One of the first cracks of light to hit that operation came with the downing of the American-manned aircraft mentioned in Chardy's Herald story.  The only surviving crewman, Eugene Hasenfus, was captured and paraded before reporters in Managua.  Hasenfus said that a Cuban-American veteran of the Bay of Pigs named "Max Gomez" helped coordinate the aerial supply network from an airbase at Ilopango in El Salvador.  According to Hasenfus, Gomez told his associates at Ilopango that he reported to Vice President George Bush, a member of the National Security Council, about his activities.  It was Bush's adviser on the NSC, Donald Gregg, who helped arrange the private Contra network.

When reporters caught up to Bush on a campaign swing through North Carolina, he acknowledged that he had met Gomez three times and described him as "a patriot," but Bush refused to answer questions about his knowledge of the supply network.

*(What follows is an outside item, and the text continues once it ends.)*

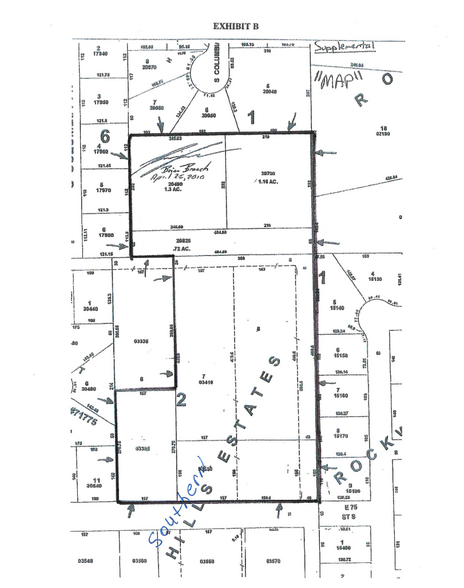 2685 E 75th St, Tulsa, OK for sale - Site Plan - Image 3 of 4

It wasn't long before it became known that the man Hasenfus had known as "Max Gomez" was really Felix Rodriquez, the legendary CIA agent and close pal of Jorge Mas.  (Rodriguez would later claim he adopted the moniker of "Max Gomez," a hero of Cuba's war of independence, when he arrived in El Salvador, but, oddly enough, "Max Gomez" was also listed in the address book confiscated by Venezuelan police from Orlando Bosch.)  Rodriquez had worked with Bush's adviser Donald Gregg, also a CIA veteran, in Vietnam.  When that became known, Gregg refused any comment, but Marlin Fitzwater, a spokesman for Bush, said, "There is no one on the vice president's staff who is directing or coordinating an operation in Central America.  Allegations to that effect are simply not true."

Later, Rodrigues issued a statement, distributed by Bush's office, that he was only "marginally involved" in the effort to aid the Contras, and ex-CIA boss Bush said he did not know that ex-CIA agent Rodriguez was involved at all with the Contras, although his staff had been in contact with him at least a dozen times.  Telephone records from the house that Rodriguez used in El Salvador revealed he had also been in touch with Lt. Col. Oliver North at the White House.

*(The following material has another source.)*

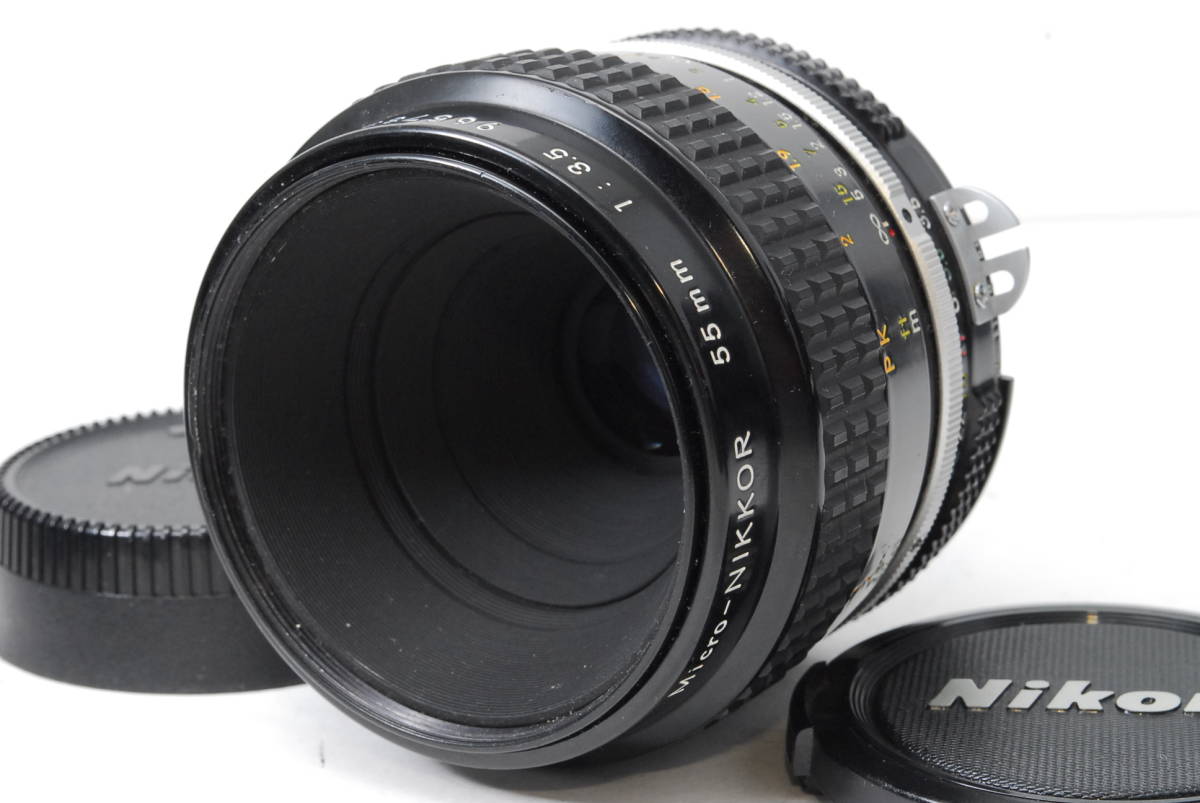 ☆大感謝セール】 貴重品 ニコン Nikon Ai Micro-NIKKOR 55mm F3.5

Downed crewman Hasenfus had also mentioned that there was another Cuban exile named "Ramón Medina" who worked closely with "Max Gomez."  Ramón Medina, also a phony name, turned out to be another old buddy of Jorge Mas, Luis Posada.  Having somehow acquired about $28,600 to bribe his way out of that Venezuelan jail where he had been held with Orlando Bosch for bombing the Cubana airplane, Posada had been stashed away at various South American locations and supported by Miami exile friends until he somehow found a job with his old CIA associate Rodriguez.  It's a small world.

There's an interesting spin that was later put on all this by Rodriguez himself when he published his "autobiography," Shadow Warrior.   Rodriguez says that after he retired from the CIA in 1976 (having been given the Agency's highest honor, the Intelligence Star for Valor, mainly for having helped capture and eliminate Che Guevara), he was sitting around getting angry watching Castro "aiding and abetting antidemocratic insurgencies" in Latin America.  So he began creating his own "counterinsurgency plan," featuring the liberal use of bombers and helicopter gunships and, as he put it, "the best elements of what I learned in Vietnam."  Then, through his contacts in the U.S. government, he tried to sell himself and his plan to certain Latin American countries.  He admits he was helped by his old Vietnam boss, Donald Gregg, and was introduced to Ollie North, who helped him make contact with the Salvadoran government to work as a "consultant."  His point is that he never got orders from Bush adviser Gregg, he just kept Gregg advised. ("When I told Don Gregg of the progress I was making, he was delighted.")  Truth is hard to come by amid all the book's mirror images, but Rodriguez does neglect to mention that when Hasenfus' plane went down, Vice President Bush's office was one of the first in Washington to learn of the crash.  It received a call from Felix Rodriguez.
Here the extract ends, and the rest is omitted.